Penulis:
Sindhunata
Oleh Penerbit Mizan, saya diminta untuk membagikan pengalaman di sekitar tulis menulis pada
rekan-rekan penulis. Seingat saya,
pengalaman menulis itu begitu luas dan panjang, banyak variasi dan bidangnya. Karena itu, saya tidak tahu, harus mulai
darimana, atau harus mengutarakan pengalaman yang mana. Di bawah ini saya
justru ingin menyampaikan terlebih
beberapa pengalaman dan pernyataan para penulis dunia tentang suka duka
kepenulisan mereka. Pendapat mereka
ingin saya jadikan acuan bagi pengalaman saya sendiri. Semoga juga bagi
pengalaman Anda. Memang, acuan itu
sifatnya lebih reflektif, filosofis, bahkan teologis.

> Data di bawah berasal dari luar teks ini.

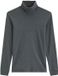 Marc O'Polo Lange mouw Jersey T-Shirt Longsleeve Set van 1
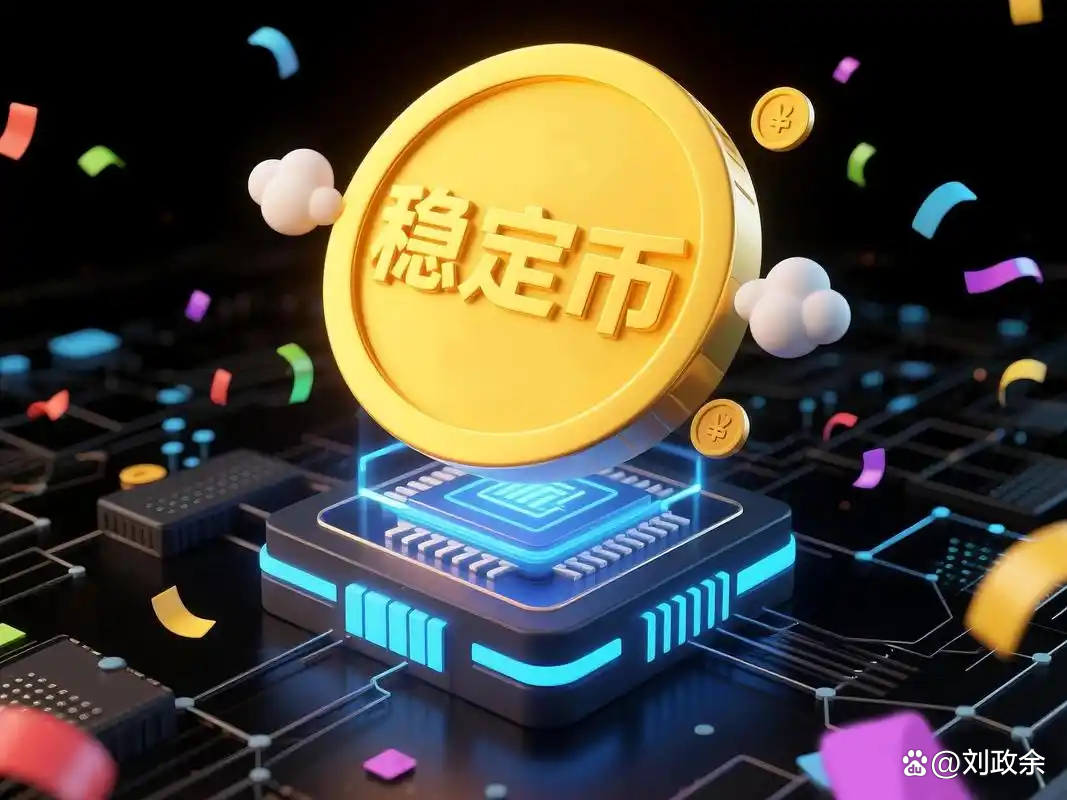 币火交易(币火交易所)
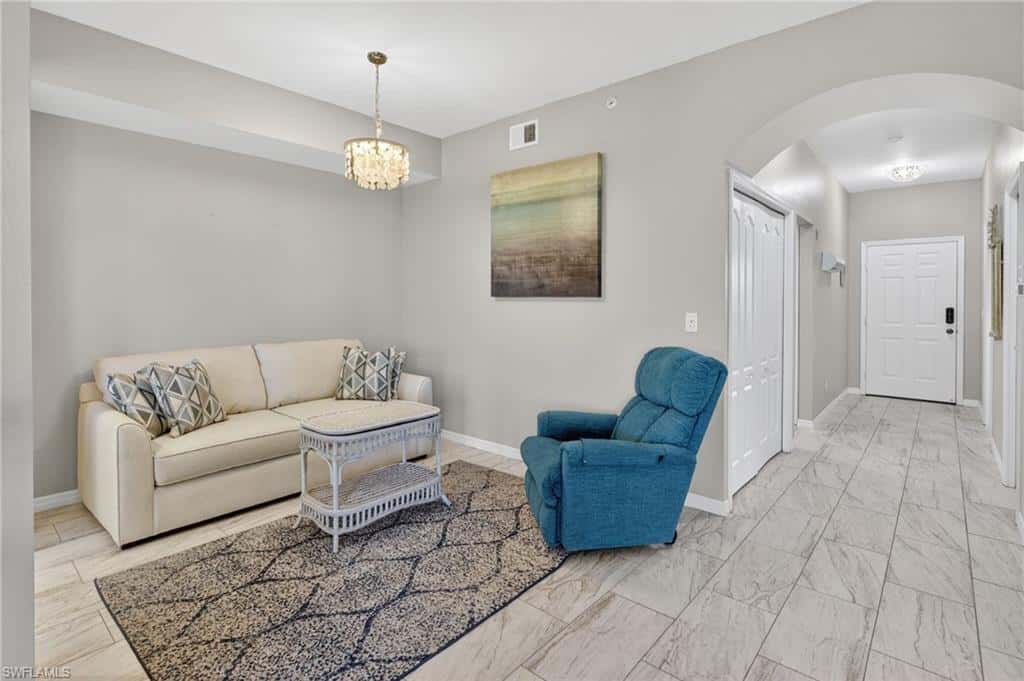9350 Highland Woods Blvd #4401, Bonita Springs, photo 13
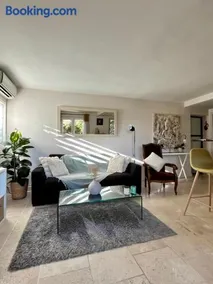 Résidence Coté Village - Image 3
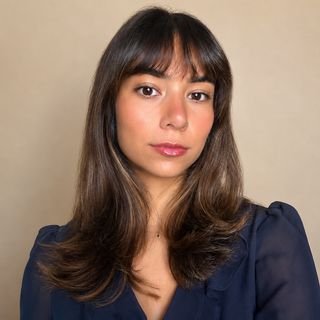 Alice Moreira Fernandes
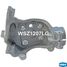 Krauf WSZ1207LG Кулак поворотный - 3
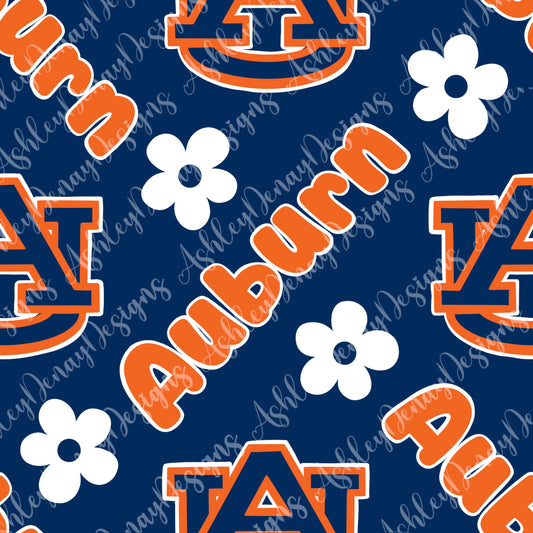 2023-Auburn 1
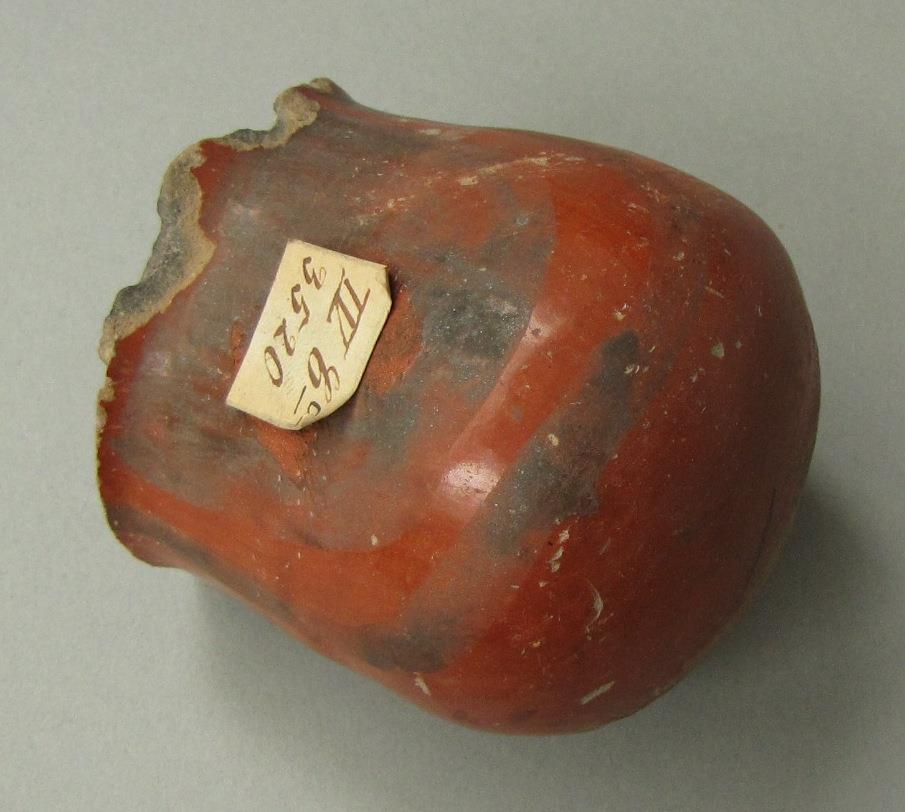 IV Ca 3520
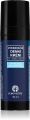 Renovality Hydrat.denn� kr�m s kyselin.hyalur.30ml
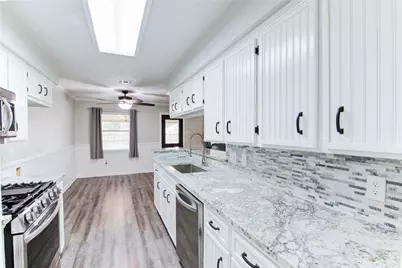 3808 Sunray Lane, Pasadena, TX 77503 - Photo 8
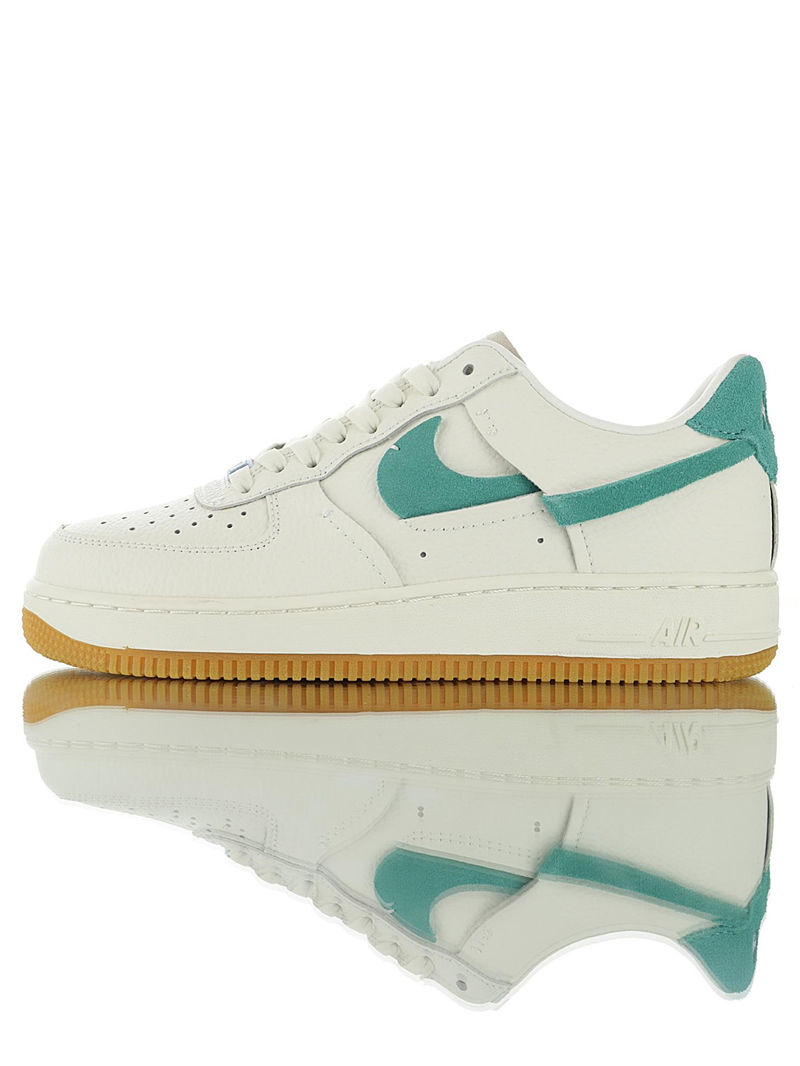 air force 1 - nike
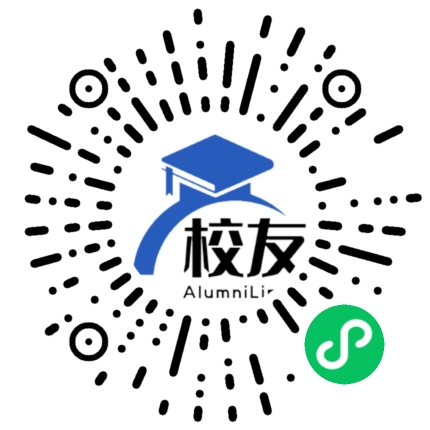 凤庆县洛党中学校友通,校友会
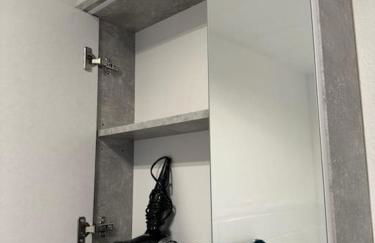 Moderne und möblierte Wohnung! - Foto 12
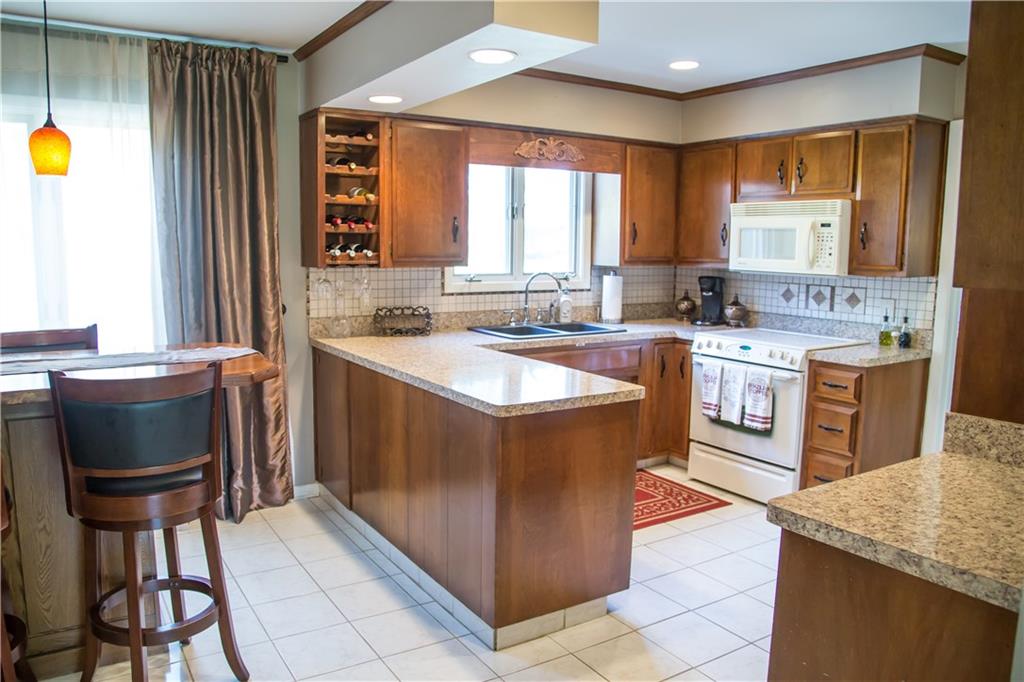 1804 Van Buskirk Road Anderson, IN 46011 - Photo 8 of 24 Gallery Image 8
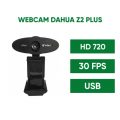 Webcam Dahua Z2 Plus HD 720P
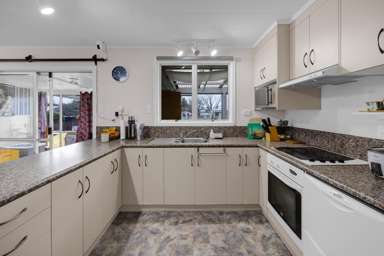 136 Hamlet Street_2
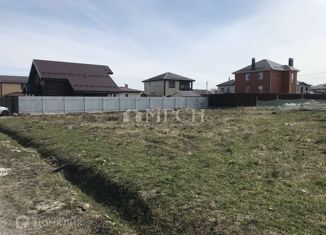 Земельный участок на продажу, 6.06 сот., деревня Чёрное, коттеджный посёлок Купавна Лайф 2, 241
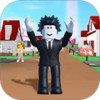 像素建筑生存世界 1.0.0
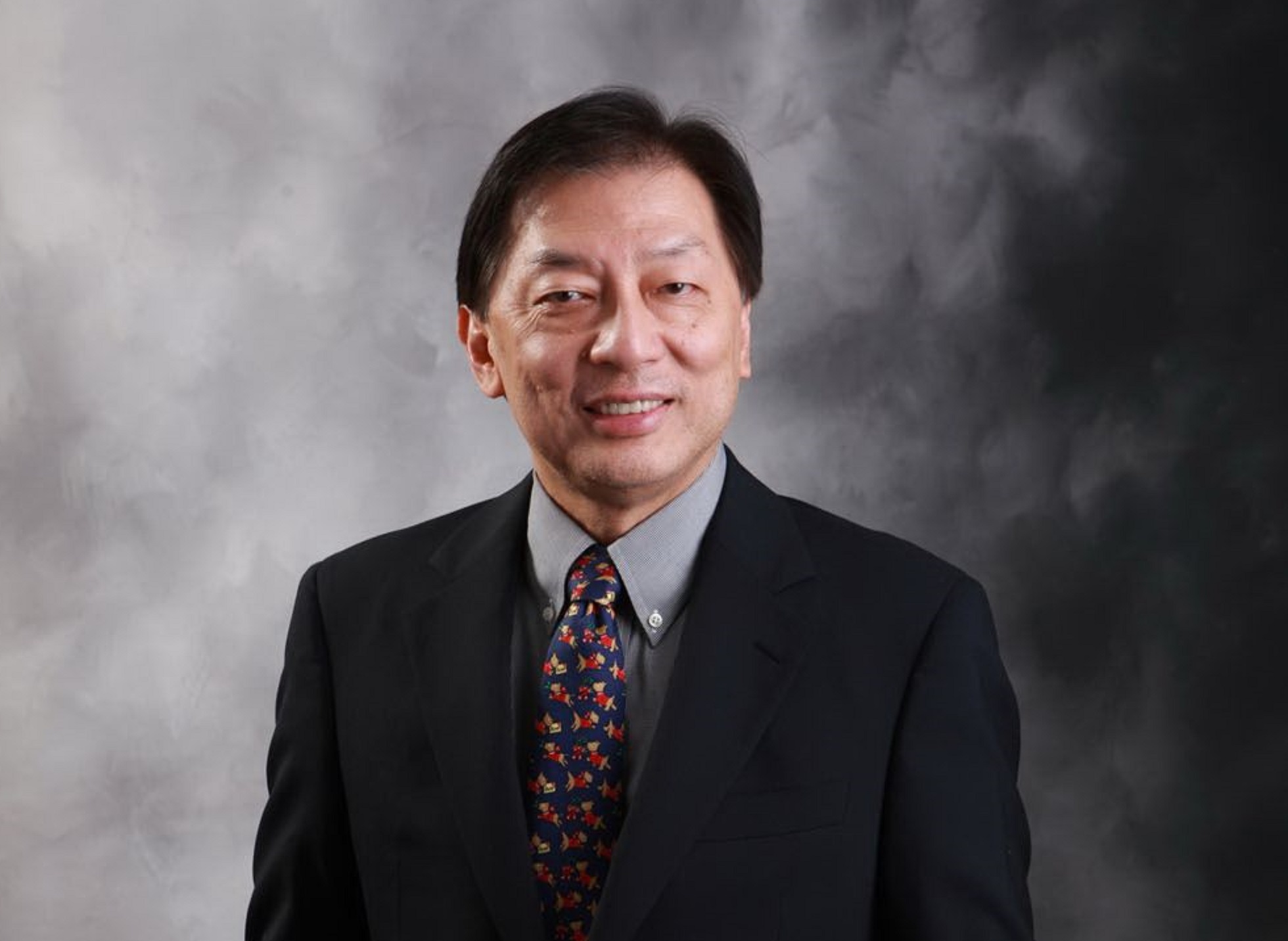 福州新十大富豪：坐拥2300亿财富，福清人占据5席，曹德旺仅第四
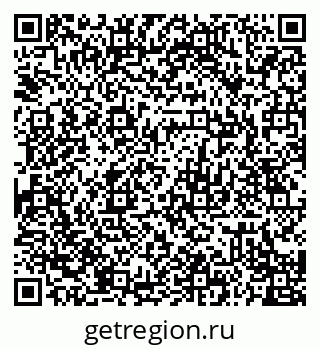 79120708390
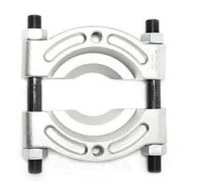 Съемник сегментного типа 6''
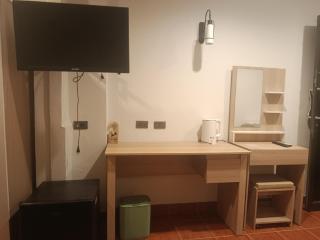 Hop new guest House - 6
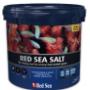 Red Sea Salt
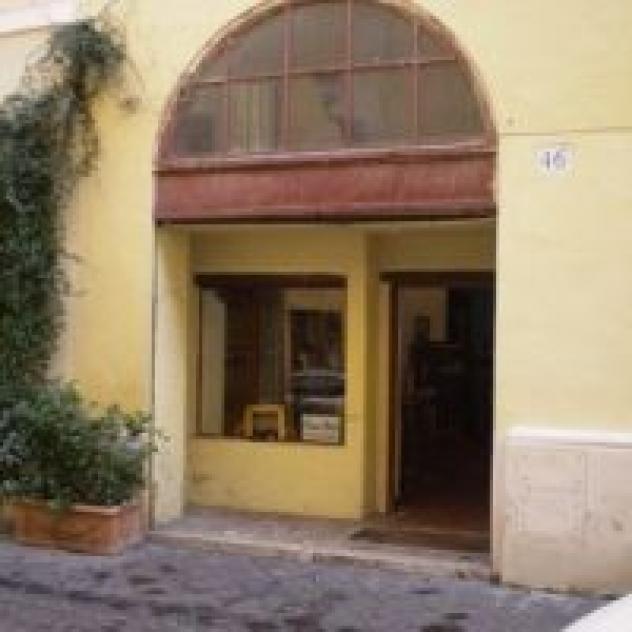 Restauro e Falegnameria Lanzi Maurizio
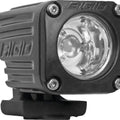 Rigid Ignite Series LED Light - Flood Pattern - Surface Mount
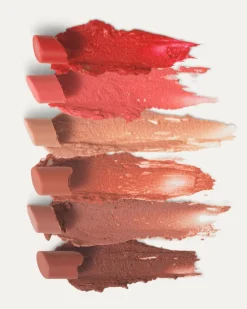 Sheer Lip Tint, 05 Rosy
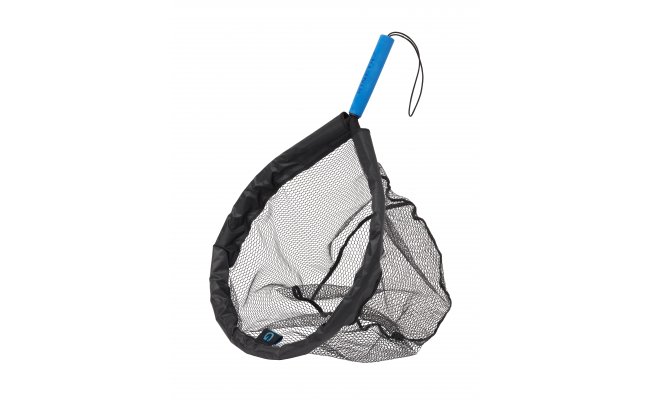 Landing Net Kinetic Floating Medium Landing Net Kinetic Floating Medium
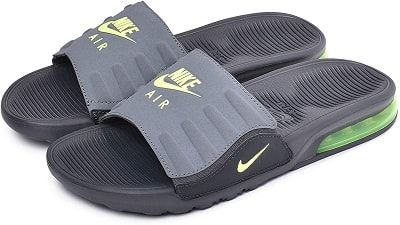 Best Shower Sandals - Nike Camden Men's Slide Sandals
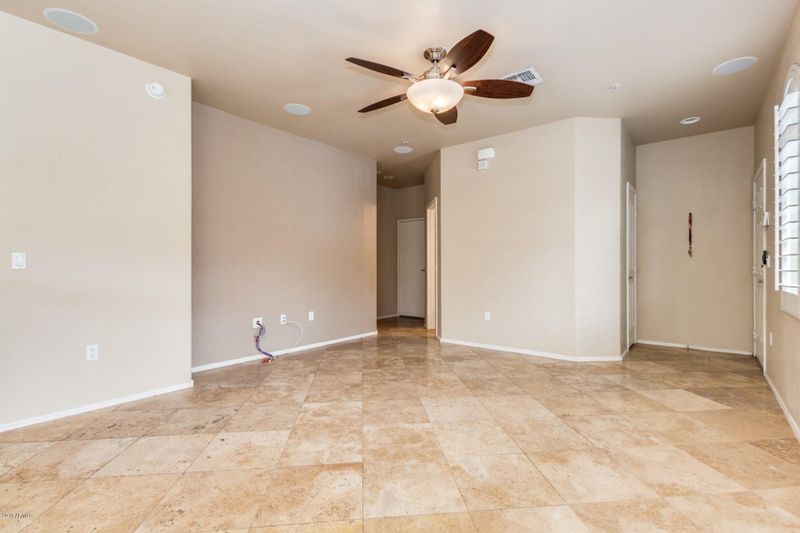 280 S Evergreen Rd #1259, Tempe, AZ 85288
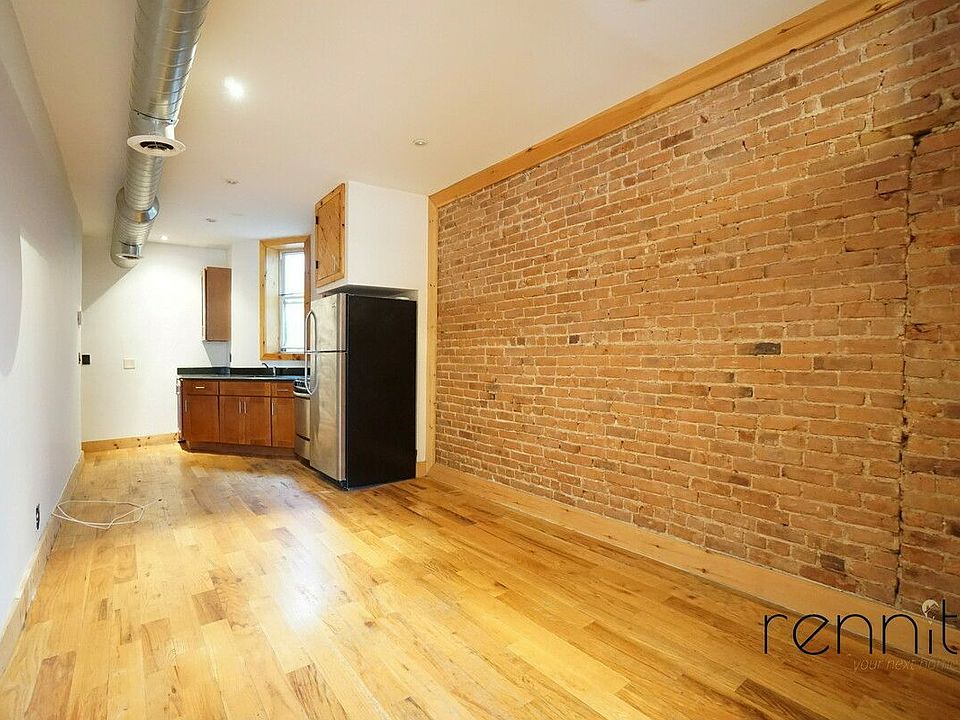 1st image of 645 Willoughby Ave #8A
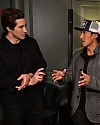 JakeGyllenhaalArchives-001.jpg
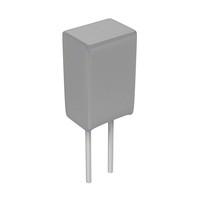 Cornell Dubilier Electronics M22U103M1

Kepenulisan dan Keberadaan-Diri
Kepenulisan (Jerman: Schreiben) dan keberadaan-diri (Sein)
adalah dua hal yang tak terpisahkan.
Bahkan untuk seorang penulis,
kesatuan antara dua hal itulah yang menentukan identitasnya (Undine Gruenter,
lih. Die Zeit (2003)14, hlm. 53).
Dalam bidang penulisan sastra, menulis sendiri adalah semacam rencana,
dimana seorang pengarang ingin membangun estetika hidupnya. Dengan menulis, orang ingin menyatakan apa
saja yang ia cita-citakan dan impikan dalam hidupnya.
Kebenaran dari pernyataan ini dapat kita lihat dalam hidup para
penulis-penulis besar. Tampak, karya
tulis mereka adalah pergulatan hidup mereka sendiri. Nyaris tiada lagi perbedaan antara hidup
mereka dengan apa yang mereka tuliskan.
Mulai dari nilai, harapan, keputusasaan sampai cinta mereka. Menulis itu adalah identias bagi keberadaan
mereka, atau sebaliknya: keberadaan mereka ditentukan oleh kepenulisan mereka.
Jelas, menulis di sini lalu bukan sekadar pekerjaan sambilan,
"upaya untuk menambah dan mengejar (ngoyak) setoran", atau
pencarian keselebritasan yang dangkal.
Menulis adalah pergulatan hidup dalam intinya yang terdalam, semacam
upaya untuk menemukan dan menentukan identitas kita yang paling orisinal. Jelas disini menulis bukan hanya pekerjaan
yang menyenangkan, tapi keperihan dan kepedihan untuk mencari diri kita yang
hilang dan tenggelam dalam pelbagai kedangkalan.
Wacana untuk menembus kegelapan
Kau yang turun dari surga
menentramkan segala sakit dan derita
siapa yang deritanya berlipatganda
akan diteduhkan berlipat ganda pula.
Ah, lelah aku sudah dengan pelbagai upaya
Apalagi artinya semua nikmat dan derita
Tentram dan lega, datanglah padaku
berisirahatlah di dadaku
(Goethe: Wanders Nachtlied).
Puisi itu adalah jeritan agar Tuhan menolong manusia, yang didera oleh
derita, dan diombang-ambingkan oleh nikmat dan derita. Ia ingin semuanya itu berhenti dan ia menjadi
tenang. Dalam keadaan demikian rasanya
kematian lebih menghiburkan daripada perjuangan.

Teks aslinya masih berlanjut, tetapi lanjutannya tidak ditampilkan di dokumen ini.